AstraZeneca's naloxegol meets endpoints; EMA validates Gilead's sofosbuvir MAA

Anglo-Swedish drug major AstraZeneca (LSE: AZN) yesterday (May 21) presented the results of two pivotal Phase III studies of naloxegol showing the 25mg dose of the investigational drug met its primary and secondary endpoints for efficacy and showed a safety profile consistent with previous studies for the treatment of opioid-induced constipation (OIC), at the Digestive Disease Week (DDW) meeting in Orlando, Florida, USA.

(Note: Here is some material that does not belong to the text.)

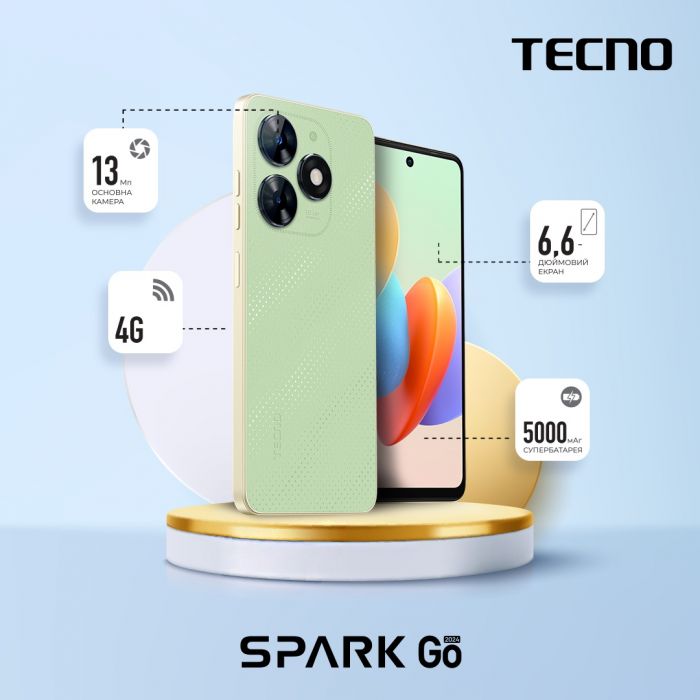 Смартфон TECNO Spark Go 2024 (BG6) 6.56" 3/64ГБ, 2SIM, 5000мА•год, Magic Skin Green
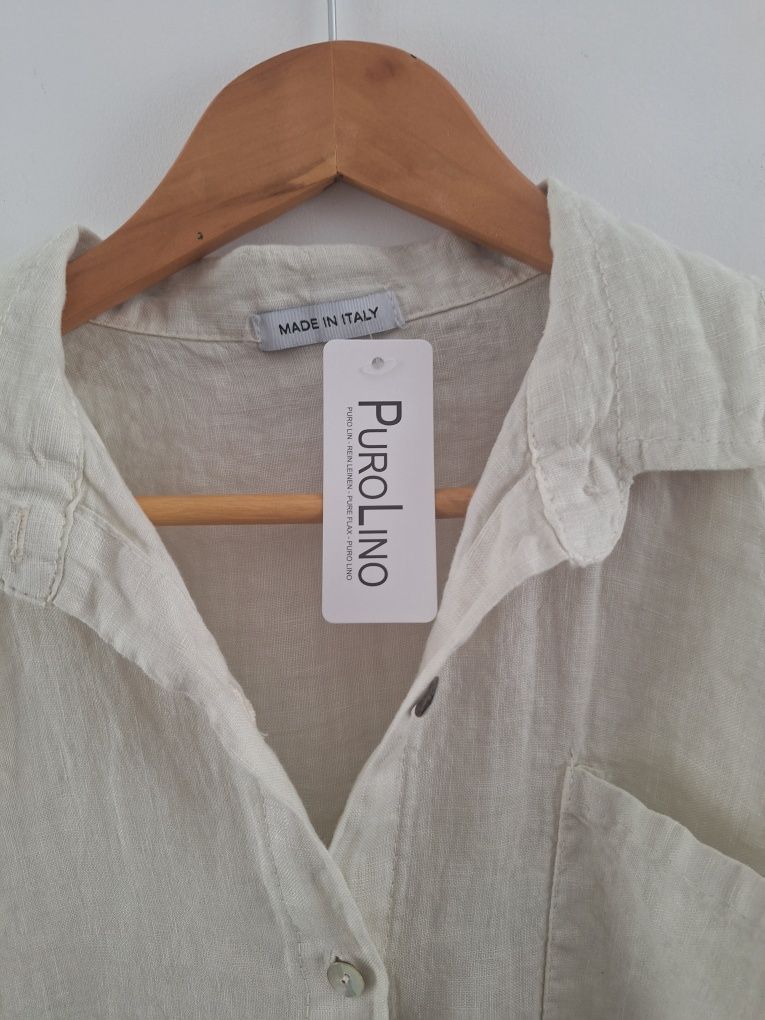 PuroLino Italy Moda komplet 100% len koszula i szorty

The Phase III studies, KODIAC-04 and -05, were 12-week, multicenter, randomized, double blind, placebo-controlled pivotal trials that evaluated 12.5mg and 25mg doses of naloxegol, administered once-daily. The primary endpoint in both trials was percentage of OIC responders, versus placebo, over 12 weeks of treatment. The secondary endpoints included the 12-week response rate in a laxative inadequate response population, the median time to first spontaneous bowel movement (SBM) and the number of days per-week with at least one bowel movement.

Naloxegol is part of the exclusive worldwide license agreement announced in 2009, between AstraZeneca and USA-based Nektar Therapeutics (Nasdaq: NKTR), worth a potential $1 billion to the latter firm (The Pharma Letter September 22, 2009. Naloxegol was developed using Nektar's oral small molecule polymer conjugate technology. Plans for naloxegol will be finalized over the coming months, incorporating the outcome of ongoing discussions with health authorities in the USA, European Union and Canada.